Parallèlement, il appartient à la population, mais aussi à "nos scientifiques, nos chercheurs, nos investisseurs" de "s'engager et promouvoir des solutions durables nouvelles, qui nous retirent de l'option du tout pétrole, option qui nous met à la merci des multinationales et du colonialisme français", selon l'UPLG. 
Le parti prône donc une forme de décroissance, qui n’est pas sans rappeler le discours de certains écologistes.

Communiqué de l'UPLG - Prix des produits pétroliers - 31/10/2021


Auparavant aussi, la députée Justine Bénin (apparentée MoDem) a fait savoir, dans un courrier adressé au Premier ministre, Jean Castex, son souhait de procéder à une "concertation très large", afin de renégocier les éléments de fixation du prix des carburants : refonte des marges, soutien aux professionnels, mise en place de dispositifs pour les plus nécessiteux, remise à plat de l'organisation du transport public... "Les territoires d'Outre-mer sont extrêmement dépendants de la voiture individuelle et le transport représente près du tiers des dépenses de consommation des ménages guadeloupéens et martiniquais", a écrit Justine Bénin.

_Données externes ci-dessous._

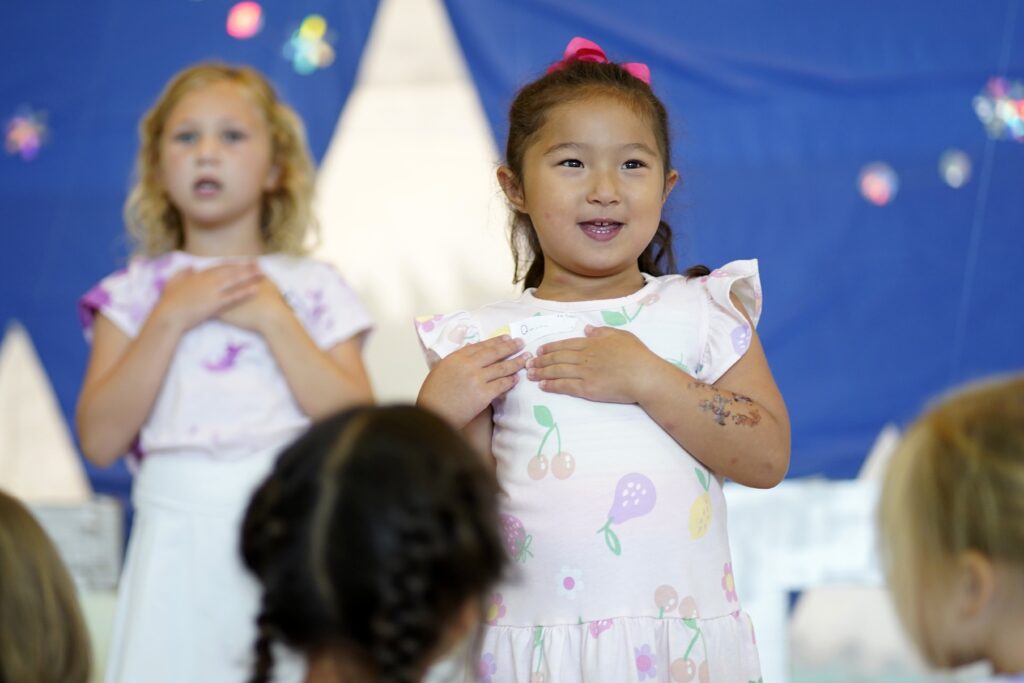 Students sing on stage during vacation Bible school at St. Mary Church in East Islip, July 17, 2024.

Lettre de Justine Bénin à Jean Castex - augmentation du prix du carburant - 01/11/2021

 

Hausse des prix des produits pétroliers : décryptage

La hausse des prix des carburants résulte de trois facteurs qui s’additionnent :

  • L’augmentation du cours du baril de brut, soit +14% au cours mois d’octobre, avec un pic à 86 dollars, le 26 octobre dernier. Il est, depuis, redescendu à 81 dollars ;
  • A cela s’ajoute la parité euro-dollar, qui est moins est moins favorable. En clair, il faut plus d’euros pour acheter du dollar, qui demeure la monnaie de référence dès que l’on parle de pétrole ;
  • Enfin, on y ajoute une augmentation de la demande de produits hydrocarbures, avec la reprise de l’activité économique, qui suit l’allègement des mesures de confinement.

Est-ce que ces hausses vont se poursuivre ? 
Oui, malheureusement pour les consommateurs. La tendance reste orientée à la hausse.

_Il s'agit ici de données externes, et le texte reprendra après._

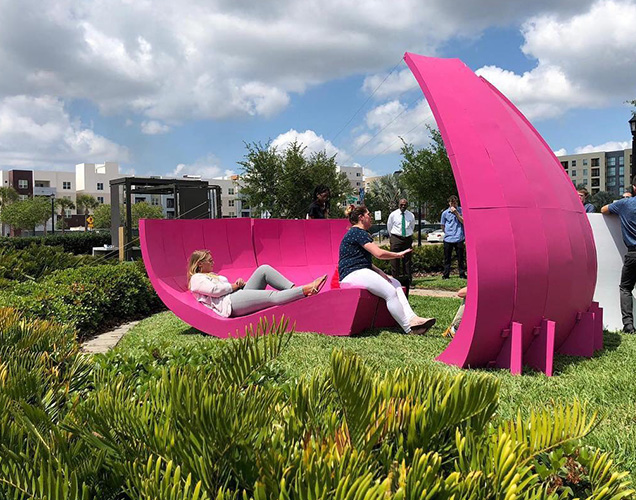 People chatting while relaxing on a bright pink curved piece made by USF Architecture students for ENCORE.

Est-ce qu’il y a un moyen de freiner ces hausses ou de les geler ? 
Dans l’absolu, oui, parce que c’est l’Etat qui fixe les règles. En pratique, c’est extrêmement compliqué. Le système de fixation des prix des carburants, aux Antilles-Guyane, est régi par le décret Lurel. Ce texte est la réponse de l’Etat à la crise sociale de 2009, qui était aussi et d’abord une crise de l’essence. Un texte difficile à mettre en place. Sa mise en œuvre a été effective, en janvier 2015, soit près de 6 ans après la grève générale du LKP. 
Pour résumer, le texte impose une diminution des marges, aux pétroliers et à la Société anonyme de la raffinerie des Antilles (SARA) mais, en contrepartie, sanctuarise la marché et le jeu des acteurs.

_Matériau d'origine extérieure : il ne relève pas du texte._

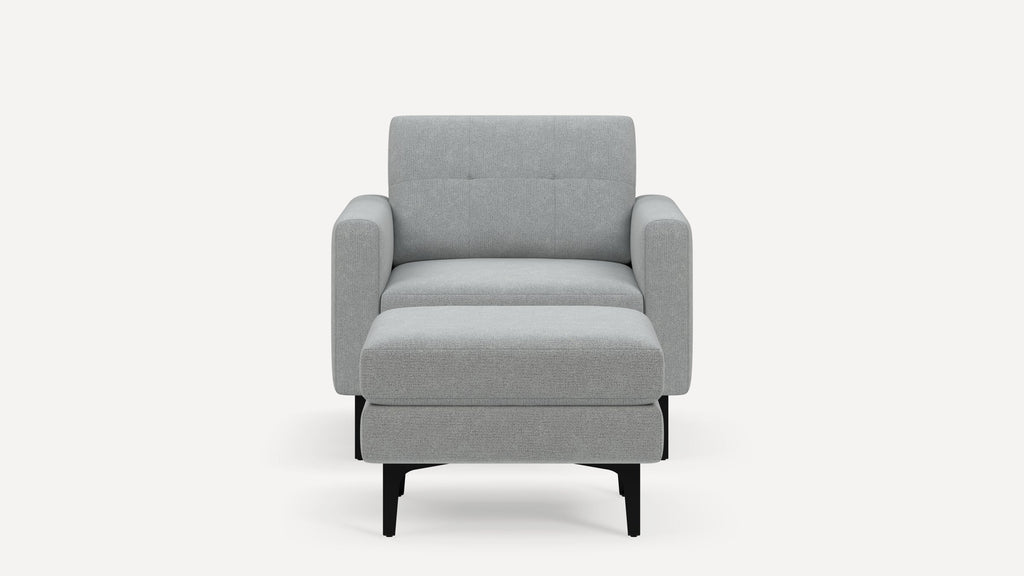 Front view of a modern, light gray upholstered armchair with a matching ottoman and black legs.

Justement, qui sont ces acteurs ?
Prenons un exemple : celui du super sans plomb, dont le litre coûte 1,75 euro, depuis le 1er novembre 2021. Ce tarif couvre :

  • La matière première : le brut représente 72 centimes du prix ;
  • Le paiement de la SARA : 22 centimes (à noter la distinction faite entre la part industrielle et logistique et la rémunération garantie) ;
  • Les distributeurs (grossistes et gérants de station-service) sa partagent 20 centimes ;
  • Les taxes : 61 centimes. L’essentiel va aux collectivités locales et 4 centimes reviennent à l’Etat, au titre du certificat d’économie d’énergie.
Prix des carburants ; qui gagne quoi ?


Quels sont les acteurs qui peuvent bouger ?

  • Le premier (la matière première) est totalement autonome. Aucune prise sur le marché mondial ;
  • Les deux suivants (SARA et distributeurs) sont régis par le décret Lurel. Compliqué. Faisable, mais compliqué... et cela va prendre du temps ;
  • Reste les derniers (collectivité et Etat) et là, il y a des marges. Mais le Conseil Régional verrait alors diminuer l’une de ses recettes. Nous avons contacté le cabinet d’Ary Chalus, qui nous a indiqué que rien n’est prévu en ce sens, pour l’instant.